Conversion circuit with a capacitor module, balancing module and a startup module and related electronic device
Abstract
A conversion circuit includes a capacitor module, a balancing module, and a startup module. The capacitor module includes at least a first capacitor and a second capacitor. The balancing module includes at least a first resonant circuit. The startup module includes a direct current-direct current converter and a target capacitor. The first resonant circuit includes at least two groups of switches and a first resonant cavity. The first capacitor is connected in series to the second capacitor, and connected in parallel to the target capacitor. The first resonant circuit is separately connected to both ends of the first capacitor and the second capacitor by using the startup module. The balancing module balances voltages at both ends of the first capacitor and the second capacitor by controlling the switches in the first resonant circuit. The startup module is configured to start the balancing module and the capacitor module.
Claims
exact text as granted — not AI-modifiedWhat is claimed is:
1 . A conversion circuit comprising:
a capacitor module, wherein the capacitor module comprises at least a first capacitor and a second capacitor; a balancing module, wherein the balancing module comprises at least a first resonant circuit; and a startup module, wherein the startup module comprises a direct current-direct current converter separately coupled to both ends of a target capacitor, the first resonant circuit comprises at least two groups of switches connected in parallel to each other and a first resonant cavity connected between the two groups of switches, the first capacitor is connected in series to the second capacitor, and the first capacitor is connected in parallel to the target capacitor, the first resonant circuit is separately connected to both ends of the target capacitor and the second capacitor, the balancing module is configured to balance voltages at both ends of the first capacitor and the second capacitor by controlling the switches in the first resonant circuit in conjunction with influence of the first resonant cavity on a current, the startup module is configured to start the balancing module and the capacitor module; wherein one group of switches in the two groups of switches in the first resonant circuit further comprises: at least a first switch and a third switch, the other group of switches in the two groups of switches in the first resonant circuit further comprises: at least a second switch and a fourth switch, the first switch and the third switch are not simultaneously turned on, and the second switch and the fourth switch are not simultaneously turned on; and wherein the first switch is connected in series to the third switch, and the second switch is connected in series to the fourth switch; one end of the second capacitor is connected to a first end of the second switch, and the other end of the second capacitor is separately connected to a first end of the first switch, a first end of the direct current-direct current converter, and one end of the first capacitor; a second end of the direct current-direct current converter is separately connected to one end of the target capacitor and a second end of the fourth switch; the other end of the first capacitor is connected to a third end of the direct current-direct current converter; and a fourth end of the direct current-direct current converter is separately connected to a second end of the third switch and the other end of the target capacitor.

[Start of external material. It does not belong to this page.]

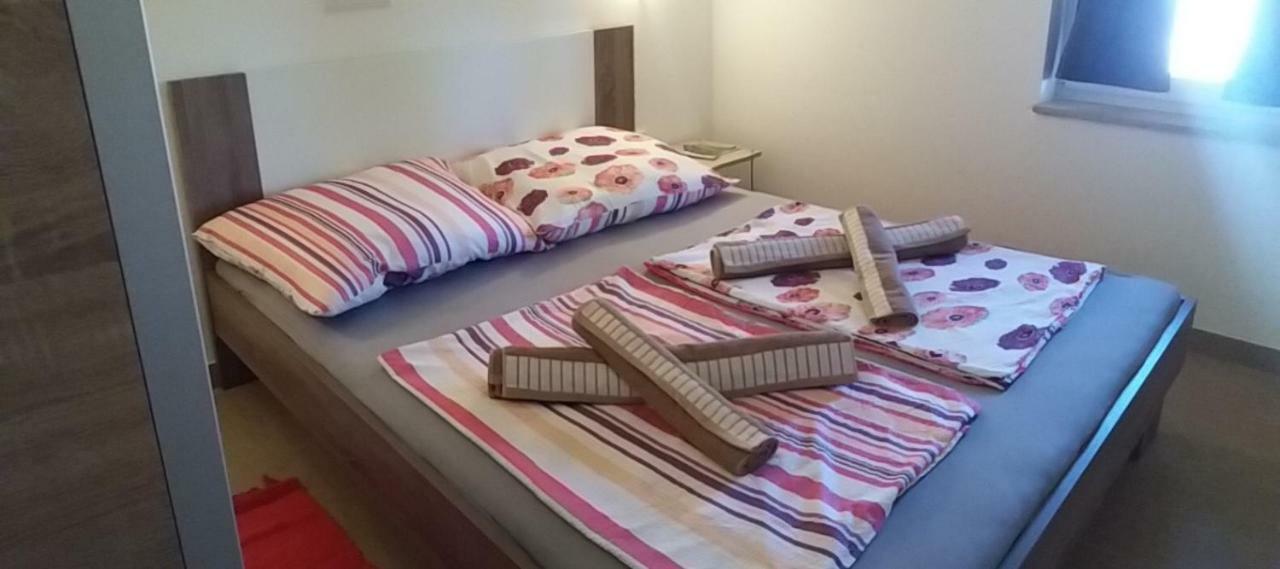Apartmani B&B Лижнян Экстерьер фото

2 . The conversion circuit according to claim 1 , wherein the first resonant cavity further comprises:
at least a first resonant capacitor and a first resonant inductor, one end of the first resonant cavity is separately connected to a second end of the first switch and a first end of the third switch, and the other end of the first resonant cavity is separately connected to a second end of the second switch and a first end of the fourth switch.
3 . The conversion circuit according to claim 1 , wherein the capacitor module further comprises:
a third capacitor, the balancing module further comprises: a second resonant circuit comprising at least two groups of switches connected in parallel to each other and a second resonant cavity connected between the two groups of switches; one group of switches in the two groups of switches in the second resonant circuit comprises at least a fifth switch and a seventh switch, the other group of switches in the two groups of switches in the second resonant circuit comprises at least a sixth switch and an eighth switch, and the second resonant cavity comprises at least a second resonant capacitor and a second resonant inductor; the second resonant circuit is separately connected to both ends of the target capacitor and the third capacitor; the balancing module is configured to balance voltages at both ends of the first capacitor and the third capacitor by controlling the switches in the second resonant circuit in conjunction with influence of the second resonant cavity on a current; and the fifth switch and the seventh switch are not simultaneously turned on, and the sixth switch and the eighth switch are not simultaneously turned on.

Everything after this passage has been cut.